◆ TASK TO COMPLETE ◆
Return the data below exactly, but only from the line containing "Skydda dina ögon" through the line containing "Bán Building Toà", with both of those lines included.

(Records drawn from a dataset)

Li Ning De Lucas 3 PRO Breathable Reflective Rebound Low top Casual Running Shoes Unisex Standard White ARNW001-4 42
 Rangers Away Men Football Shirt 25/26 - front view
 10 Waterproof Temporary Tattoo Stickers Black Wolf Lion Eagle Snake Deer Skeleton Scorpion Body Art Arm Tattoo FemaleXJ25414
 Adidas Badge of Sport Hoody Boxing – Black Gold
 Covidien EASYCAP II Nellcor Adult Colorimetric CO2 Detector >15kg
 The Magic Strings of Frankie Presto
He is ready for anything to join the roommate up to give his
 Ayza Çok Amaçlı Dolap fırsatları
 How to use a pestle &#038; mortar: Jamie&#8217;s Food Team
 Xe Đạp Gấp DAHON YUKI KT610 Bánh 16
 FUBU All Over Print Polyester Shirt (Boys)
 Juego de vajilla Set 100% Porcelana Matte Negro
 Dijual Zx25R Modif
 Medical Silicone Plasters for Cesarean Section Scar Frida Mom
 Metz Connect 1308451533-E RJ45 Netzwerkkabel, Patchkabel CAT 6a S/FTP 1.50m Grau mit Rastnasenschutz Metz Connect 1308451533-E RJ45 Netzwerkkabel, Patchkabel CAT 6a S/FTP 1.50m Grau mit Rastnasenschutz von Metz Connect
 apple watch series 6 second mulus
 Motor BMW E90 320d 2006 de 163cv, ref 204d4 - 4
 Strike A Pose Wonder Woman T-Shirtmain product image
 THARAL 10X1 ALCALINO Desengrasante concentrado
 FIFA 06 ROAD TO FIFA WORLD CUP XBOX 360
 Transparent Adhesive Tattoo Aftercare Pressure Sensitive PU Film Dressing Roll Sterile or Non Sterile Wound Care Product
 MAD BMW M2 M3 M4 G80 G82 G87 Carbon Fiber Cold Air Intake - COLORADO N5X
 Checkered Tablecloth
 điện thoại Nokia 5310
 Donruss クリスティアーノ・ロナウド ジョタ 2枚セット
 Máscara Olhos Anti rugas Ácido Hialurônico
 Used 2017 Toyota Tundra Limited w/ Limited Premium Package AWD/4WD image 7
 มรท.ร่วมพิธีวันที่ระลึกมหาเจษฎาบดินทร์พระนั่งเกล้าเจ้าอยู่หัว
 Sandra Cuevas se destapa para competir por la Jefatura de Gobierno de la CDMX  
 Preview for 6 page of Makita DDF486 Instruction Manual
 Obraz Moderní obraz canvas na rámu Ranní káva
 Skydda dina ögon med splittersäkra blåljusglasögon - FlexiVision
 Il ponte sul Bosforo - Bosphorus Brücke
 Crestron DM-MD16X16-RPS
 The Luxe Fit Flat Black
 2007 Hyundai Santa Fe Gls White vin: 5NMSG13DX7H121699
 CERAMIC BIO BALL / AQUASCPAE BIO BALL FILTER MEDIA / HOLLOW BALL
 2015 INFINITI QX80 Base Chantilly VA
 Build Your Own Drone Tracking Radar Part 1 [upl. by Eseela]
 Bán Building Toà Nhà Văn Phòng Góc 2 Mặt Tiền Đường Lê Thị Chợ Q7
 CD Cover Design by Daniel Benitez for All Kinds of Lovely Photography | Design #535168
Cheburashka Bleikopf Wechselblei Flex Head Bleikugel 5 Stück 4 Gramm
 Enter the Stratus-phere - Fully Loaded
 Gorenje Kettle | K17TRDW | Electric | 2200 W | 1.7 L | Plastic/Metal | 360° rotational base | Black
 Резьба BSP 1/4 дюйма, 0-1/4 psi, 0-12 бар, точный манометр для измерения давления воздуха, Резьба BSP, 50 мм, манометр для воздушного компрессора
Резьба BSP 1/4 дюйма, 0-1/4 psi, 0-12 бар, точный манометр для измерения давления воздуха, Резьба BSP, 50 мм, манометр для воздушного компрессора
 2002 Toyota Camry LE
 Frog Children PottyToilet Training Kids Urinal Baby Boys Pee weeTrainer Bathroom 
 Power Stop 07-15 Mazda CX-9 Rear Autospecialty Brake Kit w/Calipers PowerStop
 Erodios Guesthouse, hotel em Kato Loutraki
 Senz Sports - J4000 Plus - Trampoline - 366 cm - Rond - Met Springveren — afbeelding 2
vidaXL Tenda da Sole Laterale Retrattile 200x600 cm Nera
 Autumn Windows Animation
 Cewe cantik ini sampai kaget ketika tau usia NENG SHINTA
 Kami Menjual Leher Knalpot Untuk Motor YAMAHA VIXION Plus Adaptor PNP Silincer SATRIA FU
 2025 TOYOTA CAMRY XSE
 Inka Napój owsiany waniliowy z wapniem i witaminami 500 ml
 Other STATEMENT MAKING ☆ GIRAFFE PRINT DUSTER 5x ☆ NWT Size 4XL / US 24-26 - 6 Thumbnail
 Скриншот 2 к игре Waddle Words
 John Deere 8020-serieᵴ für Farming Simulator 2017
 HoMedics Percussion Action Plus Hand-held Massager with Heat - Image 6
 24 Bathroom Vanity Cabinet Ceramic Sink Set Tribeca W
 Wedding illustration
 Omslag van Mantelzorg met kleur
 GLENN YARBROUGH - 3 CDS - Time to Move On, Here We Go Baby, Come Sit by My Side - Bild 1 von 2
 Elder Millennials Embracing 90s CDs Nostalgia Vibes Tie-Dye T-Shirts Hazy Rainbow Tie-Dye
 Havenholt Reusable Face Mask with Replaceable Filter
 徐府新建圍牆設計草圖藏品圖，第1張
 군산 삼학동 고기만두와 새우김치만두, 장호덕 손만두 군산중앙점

◆ OUTPUT FOR THIS TASK ◆
 Skydda dina ögon med splittersäkra blåljusglasögon - FlexiVision
 Il ponte sul Bosforo - Bosphorus Brücke
 Crestron DM-MD16X16-RPS
 The Luxe Fit Flat Black
 2007 Hyundai Santa Fe Gls White vin: 5NMSG13DX7H121699
 CERAMIC BIO BALL / AQUASCPAE BIO BALL FILTER MEDIA / HOLLOW BALL
 2015 INFINITI QX80 Base Chantilly VA
 Build Your Own Drone Tracking Radar Part 1 [upl. by Eseela]
 Bán Building Toà Nhà Văn Phòng Góc 2 Mặt Tiền Đường Lê Thị Chợ Q7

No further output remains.